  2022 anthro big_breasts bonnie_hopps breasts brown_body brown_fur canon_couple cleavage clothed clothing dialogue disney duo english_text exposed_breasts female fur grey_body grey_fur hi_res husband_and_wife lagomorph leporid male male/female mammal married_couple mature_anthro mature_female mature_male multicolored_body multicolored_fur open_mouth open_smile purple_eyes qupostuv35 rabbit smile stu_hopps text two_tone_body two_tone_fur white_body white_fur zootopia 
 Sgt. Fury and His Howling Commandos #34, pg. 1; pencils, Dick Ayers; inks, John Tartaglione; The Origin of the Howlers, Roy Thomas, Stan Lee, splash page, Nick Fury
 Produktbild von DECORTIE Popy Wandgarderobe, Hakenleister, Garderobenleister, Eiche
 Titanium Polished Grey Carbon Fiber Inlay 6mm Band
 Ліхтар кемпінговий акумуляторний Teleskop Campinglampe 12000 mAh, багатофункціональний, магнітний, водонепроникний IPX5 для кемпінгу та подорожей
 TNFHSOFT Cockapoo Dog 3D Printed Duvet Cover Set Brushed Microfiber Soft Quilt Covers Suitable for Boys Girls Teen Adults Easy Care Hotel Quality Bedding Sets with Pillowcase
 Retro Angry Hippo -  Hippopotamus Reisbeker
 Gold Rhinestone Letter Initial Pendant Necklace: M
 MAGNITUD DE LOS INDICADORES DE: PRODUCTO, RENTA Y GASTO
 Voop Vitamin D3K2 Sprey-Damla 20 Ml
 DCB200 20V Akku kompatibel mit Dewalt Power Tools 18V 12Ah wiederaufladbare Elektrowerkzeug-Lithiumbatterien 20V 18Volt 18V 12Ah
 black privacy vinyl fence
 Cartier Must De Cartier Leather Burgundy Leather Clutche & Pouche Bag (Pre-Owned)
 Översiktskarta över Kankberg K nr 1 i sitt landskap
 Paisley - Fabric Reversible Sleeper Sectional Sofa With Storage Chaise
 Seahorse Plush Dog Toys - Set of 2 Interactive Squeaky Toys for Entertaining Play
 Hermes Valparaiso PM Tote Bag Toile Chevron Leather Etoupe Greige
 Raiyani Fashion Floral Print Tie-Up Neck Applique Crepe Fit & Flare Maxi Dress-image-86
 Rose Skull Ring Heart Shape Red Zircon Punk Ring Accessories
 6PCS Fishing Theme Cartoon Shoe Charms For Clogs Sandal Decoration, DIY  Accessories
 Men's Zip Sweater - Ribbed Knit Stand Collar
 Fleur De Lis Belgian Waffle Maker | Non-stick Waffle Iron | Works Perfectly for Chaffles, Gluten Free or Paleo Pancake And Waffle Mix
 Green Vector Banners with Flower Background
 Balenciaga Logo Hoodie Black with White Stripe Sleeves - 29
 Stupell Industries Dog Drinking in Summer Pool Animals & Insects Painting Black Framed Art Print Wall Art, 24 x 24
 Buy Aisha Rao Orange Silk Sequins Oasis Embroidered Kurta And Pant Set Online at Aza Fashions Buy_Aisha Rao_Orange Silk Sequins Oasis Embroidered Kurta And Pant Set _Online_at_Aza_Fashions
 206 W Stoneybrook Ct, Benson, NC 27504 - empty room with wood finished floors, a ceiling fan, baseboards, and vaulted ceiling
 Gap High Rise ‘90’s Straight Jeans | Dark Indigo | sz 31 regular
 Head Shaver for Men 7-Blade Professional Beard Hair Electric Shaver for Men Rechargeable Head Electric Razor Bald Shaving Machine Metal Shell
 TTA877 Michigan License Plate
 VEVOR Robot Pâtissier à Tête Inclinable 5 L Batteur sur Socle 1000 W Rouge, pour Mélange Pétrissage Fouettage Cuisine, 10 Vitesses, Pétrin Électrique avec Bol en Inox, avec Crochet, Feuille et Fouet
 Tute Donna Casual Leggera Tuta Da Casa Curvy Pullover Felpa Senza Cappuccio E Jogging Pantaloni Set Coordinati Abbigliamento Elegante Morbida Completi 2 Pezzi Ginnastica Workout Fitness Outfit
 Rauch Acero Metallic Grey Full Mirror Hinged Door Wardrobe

> **YOUR GOAL**
Every record above must be duplicated exactly.

> **SOLUTION FOR THIS PROBLEM**
  2022 anthro big_breasts bonnie_hopps breasts brown_body brown_fur canon_couple cleavage clothed clothing dialogue disney duo english_text exposed_breasts female fur grey_body grey_fur hi_res husband_and_wife lagomorph leporid male male/female mammal married_couple mature_anthro mature_female mature_male multicolored_body multicolored_fur open_mouth open_smile purple_eyes qupostuv35 rabbit smile stu_hopps text two_tone_body two_tone_fur white_body white_fur zootopia 
 Sgt. Fury and His Howling Commandos #34, pg. 1; pencils, Dick Ayers; inks, John Tartaglione; The Origin of the Howlers, Roy Thomas, Stan Lee, splash page, Nick Fury
 Produktbild von DECORTIE Popy Wandgarderobe, Hakenleister, Garderobenleister, Eiche
 Titanium Polished Grey Carbon Fiber Inlay 6mm Band
 Ліхтар кемпінговий акумуляторний Teleskop Campinglampe 12000 mAh, багатофункціональний, магнітний, водонепроникний IPX5 для кемпінгу та подорожей
 TNFHSOFT Cockapoo Dog 3D Printed Duvet Cover Set Brushed Microfiber Soft Quilt Covers Suitable for Boys Girls Teen Adults Easy Care Hotel Quality Bedding Sets with Pillowcase
 Retro Angry Hippo -  Hippopotamus Reisbeker
 Gold Rhinestone Letter Initial Pendant Necklace: M
 MAGNITUD DE LOS INDICADORES DE: PRODUCTO, RENTA Y GASTO
 Voop Vitamin D3K2 Sprey-Damla 20 Ml
 DCB200 20V Akku kompatibel mit Dewalt Power Tools 18V 12Ah wiederaufladbare Elektrowerkzeug-Lithiumbatterien 20V 18Volt 18V 12Ah
 black privacy vinyl fence
 Cartier Must De Cartier Leather Burgundy Leather Clutche & Pouche Bag (Pre-Owned)
 Översiktskarta över Kankberg K nr 1 i sitt landskap
 Paisley - Fabric Reversible Sleeper Sectional Sofa With Storage Chaise
 Seahorse Plush Dog Toys - Set of 2 Interactive Squeaky Toys for Entertaining Play
 Hermes Valparaiso PM Tote Bag Toile Chevron Leather Etoupe Greige
 Raiyani Fashion Floral Print Tie-Up Neck Applique Crepe Fit & Flare Maxi Dress-image-86
 Rose Skull Ring Heart Shape Red Zircon Punk Ring Accessories
 6PCS Fishing Theme Cartoon Shoe Charms For Clogs Sandal Decoration, DIY  Accessories
 Men's Zip Sweater - Ribbed Knit Stand Collar
 Fleur De Lis Belgian Waffle Maker | Non-stick Waffle Iron | Works Perfectly for Chaffles, Gluten Free or Paleo Pancake And Waffle Mix
 Green Vector Banners with Flower Background
 Balenciaga Logo Hoodie Black with White Stripe Sleeves - 29
 Stupell Industries Dog Drinking in Summer Pool Animals & Insects Painting Black Framed Art Print Wall Art, 24 x 24
 Buy Aisha Rao Orange Silk Sequins Oasis Embroidered Kurta And Pant Set Online at Aza Fashions Buy_Aisha Rao_Orange Silk Sequins Oasis Embroidered Kurta And Pant Set _Online_at_Aza_Fashions
 206 W Stoneybrook Ct, Benson, NC 27504 - empty room with wood finished floors, a ceiling fan, baseboards, and vaulted ceiling
 Gap High Rise ‘90’s Straight Jeans | Dark Indigo | sz 31 regular
 Head Shaver for Men 7-Blade Professional Beard Hair Electric Shaver for Men Rechargeable Head Electric Razor Bald Shaving Machine Metal Shell
 TTA877 Michigan License Plate
 VEVOR Robot Pâtissier à Tête Inclinable 5 L Batteur sur Socle 1000 W Rouge, pour Mélange Pétrissage Fouettage Cuisine, 10 Vitesses, Pétrin Électrique avec Bol en Inox, avec Crochet, Feuille et Fouet
 Tute Donna Casual Leggera Tuta Da Casa Curvy Pullover Felpa Senza Cappuccio E Jogging Pantaloni Set Coordinati Abbigliamento Elegante Morbida Completi 2 Pezzi Ginnastica Workout Fitness Outfit
 Rauch Acero Metallic Grey Full Mirror Hinged Door Wardrobe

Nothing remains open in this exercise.